In the simplest terms, straddling means keeping your existing strategy intact while simultaneously also trying to adopt the strategy of a competitor.

to operate at your highest level of contribution requires that you deliberately tune in to what is important in the here and now.

How to say no

REMEMBER THAT A CLEAR “NO” CAN BE MORE GRACEFUL THAN A VAGUE OR NONCOMMITTAL “YES”. Being vague is not the same as being graceful, and delaying the eventual “no” will only make it that much harder—and the recipient that much more resentful.

The “No” Repertoire

  1. The awkward pause.
  2. The soft “no” (or “no but”)
  3. “Let me check my calendar and get back to you.”
  4. Use e-mail bouncebacks.
  5. “Yes. What should I deprioritize?” Remind them of your other obligations.
  6. “You are welcome to X. I am willing to Y.” You are saying what you will not do, but you are couching it in terms of what you are willing to do.
  7. “I can’t do it, but X might be interested.”

Slow ‘yes’, quick ‘no’.

Techniques for figuring out what’s essential

Apply zero-based budgeting to your own endeavours. Instead of trying to budget your time on the basis of existing commitments, assume that all bets are off. All previous commitments are gone. Then begin from scratch, asking which you would add today. You can do this with everything from the financial obligations you have to projects you are committed to, even relationships you are in. Every use of time, energy, or resources has to justify itself anew. If it no longer fits, eliminate it altogether.

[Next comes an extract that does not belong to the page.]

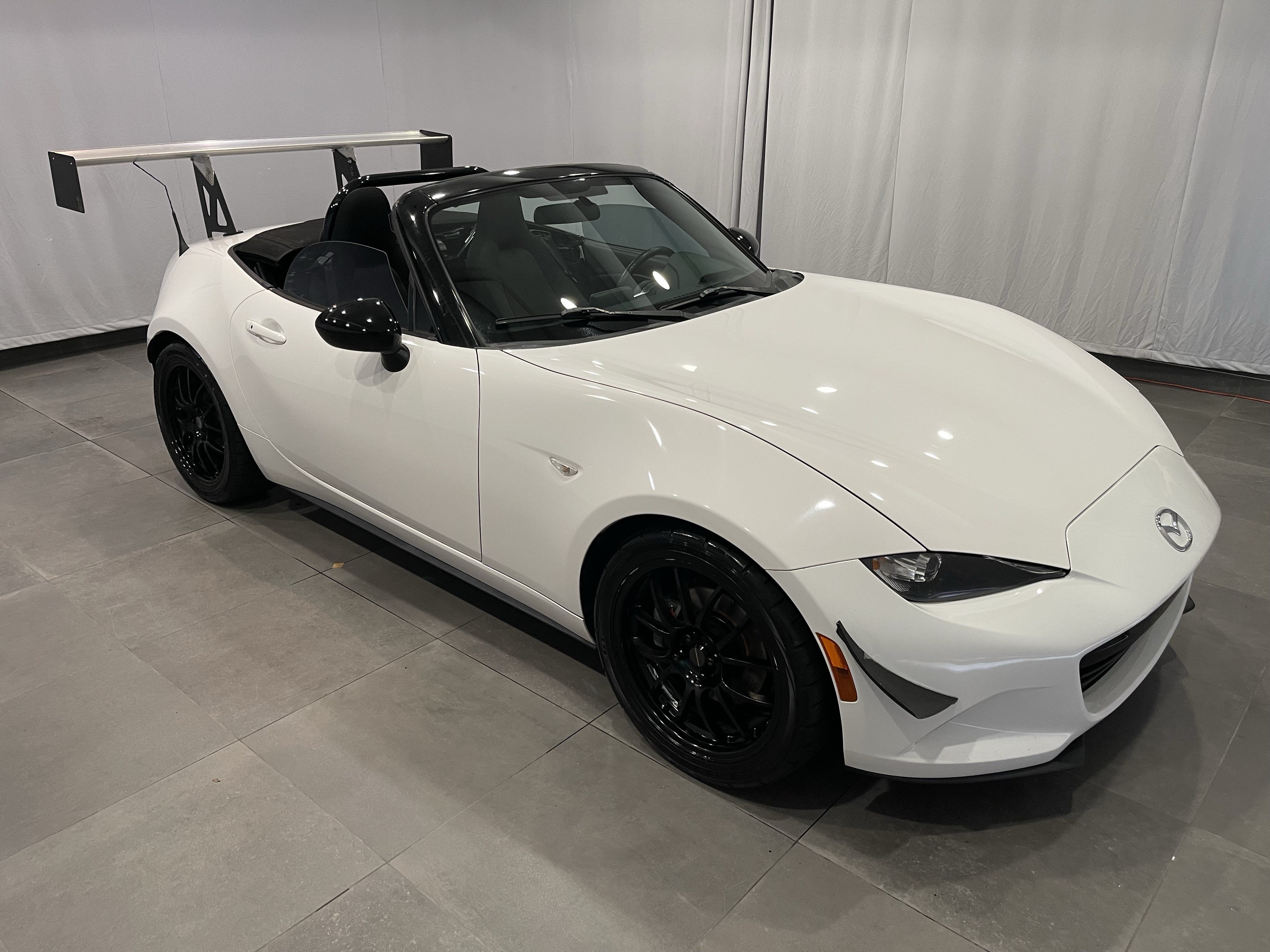 Used 2016 MAZDA MX-5 Miata Sport RWD image 27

Reverse pilot - the opposite of building a MVP:

Test whether removing an initiative or activity will have any negative consequences

If you could do only one thing with your life right now, what would you do?

Set firm boundaries

If you don’t set boundaries—there won’t be any. Or even worse, there will be boundaries, but they’ll be set by default—or by another person— instead of by design.

If I had made an exception then I might have made it many times. Boundaries are a little like the walls of a sandcastle. The second we let one fall over, the rest of them come crashing down.

The potential upside, however, is less obvious: when the initial annoyance or disappointment or anger wears off, the respect kicks in. When we push back effectively, it shows people that our time is highly valuable

How to concentrate

Dedicate time to live in the past (reminiscing, reflecting) and the future (worrying, planning). The rest of the time, live in the present. If you find yourself living in any other point in time, figure out why. What’s bothering you?

Empty your head as much as you can. Remove attention residue.

Make it easy. It’s hard to not focus on what’s on your screen right now. So make sure your digital workspace has what you need and nothing more.